From: "John A. Sullivan III" <john.sullivan@nexusmgmt.com>
To: Jason Lunz <lunz@falooley.org>
Cc: netfilter@lists.netfilter.org
Subject: Re: ICMP firewalling on today's internet
Date: Mon, 05 Jul 2004 07:58:37 -0400 [thread overview]
Message-ID: <1089028716.26529.6.camel@localhost> (raw)
In-Reply-To: <cc42u4$7bi$1@sea.gmane.org>
On Fri, 2004-07-02 at 12:36, Jason Lunz wrote:
> Antony@Soft-Solutions.co.uk said:
> > You should certainly allow ICMP through if you want traceroute to work, and
> > you should generally allow ICMP if you want many other things to work. If
> > you want to block certain types of ICMP, that's fine (many people do), but
> > don't block all ICMP.
>
> Speaking of which, what's the consensus on appropriate ICMP filtering?

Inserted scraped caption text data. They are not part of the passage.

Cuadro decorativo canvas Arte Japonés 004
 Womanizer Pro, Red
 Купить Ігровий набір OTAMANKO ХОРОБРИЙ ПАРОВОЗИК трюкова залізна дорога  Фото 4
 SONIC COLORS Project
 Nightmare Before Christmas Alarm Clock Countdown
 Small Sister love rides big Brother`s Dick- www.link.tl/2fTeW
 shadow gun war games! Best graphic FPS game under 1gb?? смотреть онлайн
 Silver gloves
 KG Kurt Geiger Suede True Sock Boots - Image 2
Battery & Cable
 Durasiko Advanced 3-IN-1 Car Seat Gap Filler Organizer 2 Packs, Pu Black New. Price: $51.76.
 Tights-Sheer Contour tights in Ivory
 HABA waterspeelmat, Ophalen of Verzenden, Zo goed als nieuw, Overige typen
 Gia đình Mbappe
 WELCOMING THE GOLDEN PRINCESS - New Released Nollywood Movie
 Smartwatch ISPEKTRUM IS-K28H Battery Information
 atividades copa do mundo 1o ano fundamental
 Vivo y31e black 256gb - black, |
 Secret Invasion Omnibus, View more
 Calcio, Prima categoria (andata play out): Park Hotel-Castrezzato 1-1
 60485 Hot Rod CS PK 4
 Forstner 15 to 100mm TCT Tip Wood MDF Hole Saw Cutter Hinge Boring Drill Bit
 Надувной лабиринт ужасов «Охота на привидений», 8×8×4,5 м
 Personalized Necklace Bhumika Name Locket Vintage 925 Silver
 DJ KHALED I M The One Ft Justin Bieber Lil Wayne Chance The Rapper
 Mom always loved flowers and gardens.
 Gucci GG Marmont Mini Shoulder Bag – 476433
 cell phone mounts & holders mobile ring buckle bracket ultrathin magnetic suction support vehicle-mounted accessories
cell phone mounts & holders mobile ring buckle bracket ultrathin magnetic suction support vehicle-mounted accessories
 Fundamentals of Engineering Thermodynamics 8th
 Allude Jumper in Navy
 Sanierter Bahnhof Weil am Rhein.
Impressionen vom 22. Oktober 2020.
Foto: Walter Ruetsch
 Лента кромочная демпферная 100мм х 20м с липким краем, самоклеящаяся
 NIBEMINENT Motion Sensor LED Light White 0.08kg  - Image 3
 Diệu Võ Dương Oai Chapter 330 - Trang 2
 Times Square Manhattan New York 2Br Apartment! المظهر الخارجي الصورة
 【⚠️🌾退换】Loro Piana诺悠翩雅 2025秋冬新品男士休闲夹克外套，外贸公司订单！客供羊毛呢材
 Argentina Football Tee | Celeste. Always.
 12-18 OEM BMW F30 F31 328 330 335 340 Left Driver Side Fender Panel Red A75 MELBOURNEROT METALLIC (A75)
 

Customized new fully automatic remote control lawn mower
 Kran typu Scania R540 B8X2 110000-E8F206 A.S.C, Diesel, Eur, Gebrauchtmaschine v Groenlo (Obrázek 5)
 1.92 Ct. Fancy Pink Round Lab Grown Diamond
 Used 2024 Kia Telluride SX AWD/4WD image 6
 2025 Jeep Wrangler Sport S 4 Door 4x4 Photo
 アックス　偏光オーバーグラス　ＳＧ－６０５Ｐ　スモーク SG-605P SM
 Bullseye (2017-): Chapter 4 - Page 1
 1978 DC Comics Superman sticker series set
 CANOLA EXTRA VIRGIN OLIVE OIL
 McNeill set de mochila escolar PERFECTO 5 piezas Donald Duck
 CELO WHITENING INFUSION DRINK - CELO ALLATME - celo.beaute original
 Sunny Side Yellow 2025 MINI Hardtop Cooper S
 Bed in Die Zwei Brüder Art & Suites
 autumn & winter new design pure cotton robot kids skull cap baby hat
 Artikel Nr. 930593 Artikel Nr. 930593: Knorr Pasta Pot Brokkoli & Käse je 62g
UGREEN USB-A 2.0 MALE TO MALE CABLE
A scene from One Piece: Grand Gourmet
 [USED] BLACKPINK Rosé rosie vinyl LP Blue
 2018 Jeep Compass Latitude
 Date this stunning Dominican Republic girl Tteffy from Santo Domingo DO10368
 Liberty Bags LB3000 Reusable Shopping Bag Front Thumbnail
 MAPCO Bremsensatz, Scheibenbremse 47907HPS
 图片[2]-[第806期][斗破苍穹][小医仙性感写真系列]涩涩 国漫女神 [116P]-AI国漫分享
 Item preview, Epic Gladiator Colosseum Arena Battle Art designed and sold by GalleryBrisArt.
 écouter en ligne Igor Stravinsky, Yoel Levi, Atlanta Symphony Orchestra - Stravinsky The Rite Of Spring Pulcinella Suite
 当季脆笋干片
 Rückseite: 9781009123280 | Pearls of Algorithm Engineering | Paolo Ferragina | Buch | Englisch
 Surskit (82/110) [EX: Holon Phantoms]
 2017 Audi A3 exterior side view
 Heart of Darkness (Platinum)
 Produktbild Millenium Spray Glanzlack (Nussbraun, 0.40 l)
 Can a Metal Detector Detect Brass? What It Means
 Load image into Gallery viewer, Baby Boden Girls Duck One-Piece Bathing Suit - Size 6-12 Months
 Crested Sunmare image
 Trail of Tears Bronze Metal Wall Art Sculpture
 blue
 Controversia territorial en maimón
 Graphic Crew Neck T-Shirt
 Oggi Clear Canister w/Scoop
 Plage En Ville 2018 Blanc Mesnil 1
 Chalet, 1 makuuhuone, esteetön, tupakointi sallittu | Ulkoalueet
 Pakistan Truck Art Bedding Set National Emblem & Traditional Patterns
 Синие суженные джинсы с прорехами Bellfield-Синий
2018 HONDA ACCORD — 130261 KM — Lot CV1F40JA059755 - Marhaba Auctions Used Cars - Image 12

> Obviously you don't want to filter everything. But some types of ICMP
> are really archaic, and not of use anymore. (source quench? redirect?
> address mask request? Does anyone use these today? Were they ever in
> widespread use?)
>
> And common stuff (like echo/echo reply) is abused by various malware,
> and should possibly be rate-limited.
>
> But looking down the list of icmp types
> (http://www.iana.org/assignments/icmp-parameters), there are several I'm
> not sure how to handle.
>
> For a small site's common connection-tracking border firewall, for
> example, how are the following actions?
>
> ] 0 Echo Reply [RFC792]
>
> legitimate replies should be allowed in by ESTABLISHED (or RELATED?),
> otherwise block in both INPUT and FORWARD.
>
> ] 1 Unassigned [JBP]
> ] 2 Unassigned [JBP]
>
> block in both INPUT and FORWARD, with rate-limited logging?
>
> ] 3 Destination Unreachable [RFC792]
>
> legitimate replies should be allowed in by ESTABLISHED (or RELATED?),
> otherwise block in both INPUT and FORWARD.
>
> ] 4 Source Quench [RFC792]
> ] 5 Redirect [RFC792]
> ] 6 Alternate Host Address [JBP]
> ] 7 Unassigned [JBP]
>
> block in both INPUT and FORWARD, with rate-limited logging?
>
> ] 8 Echo [RFC792]
>
> allow both INPUT and FORWARD, but rate-limited
>
> ] 9 Router Advertisement [RFC1256]
> ] 10 Router Solicitation [RFC1256]
>
> don't know about these. They don't seem to be commonly used.
>
> ] 11 Time Exceeded [RFC792]
> ] 12 Parameter Problem [RFC792]
> ] 13 Timestamp [RFC792]
> ] 14 Timestamp Reply [RFC792]
> ] 15 Information Request [RFC792]
> ] 16 Information Reply [RFC792]
> ] 17 Address Mask Request [RFC950]
> ] 18 Address Mask Reply [RFC950]
>
> do any of these crop up much?
>
> ] 19 Reserved (for Security) [Solo]
> ] 20-29 Reserved (for Robustness Experiment) [ZSu]
>
> probably shouldn't be seeing these. block in both INPUT and FORWARD,
> with rate-limited logging.
>
> ] 30 Traceroute [RFC1393]
>
> allow outgoing?
>
> ] 31 Datagram Conversion Error [RFC1475]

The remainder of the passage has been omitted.